→ **Work instruction**:
Every line below from the one containing "United Nations Environment" through the one containing "When You Feel" must be transcribed exactly. Omit all lines outside that stretch.

::: Records provided

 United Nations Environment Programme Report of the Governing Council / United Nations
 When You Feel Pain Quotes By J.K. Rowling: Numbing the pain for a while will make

::::::
::: Records provided

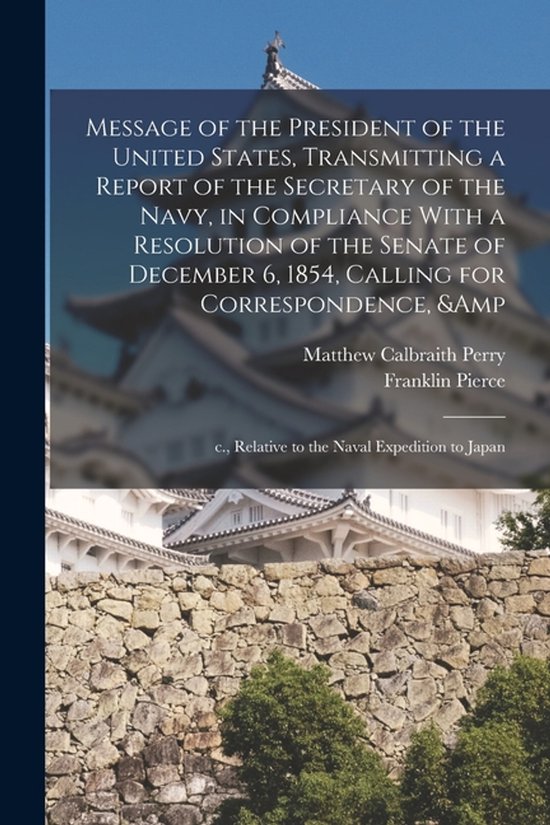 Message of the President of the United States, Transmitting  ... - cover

::::::

→ **Answer to this exercise**:
 United Nations Environment Programme Report of the Governing Council / United Nations
 When You Feel Pain Quotes By J.K. Rowling: Numbing the pain for a while will make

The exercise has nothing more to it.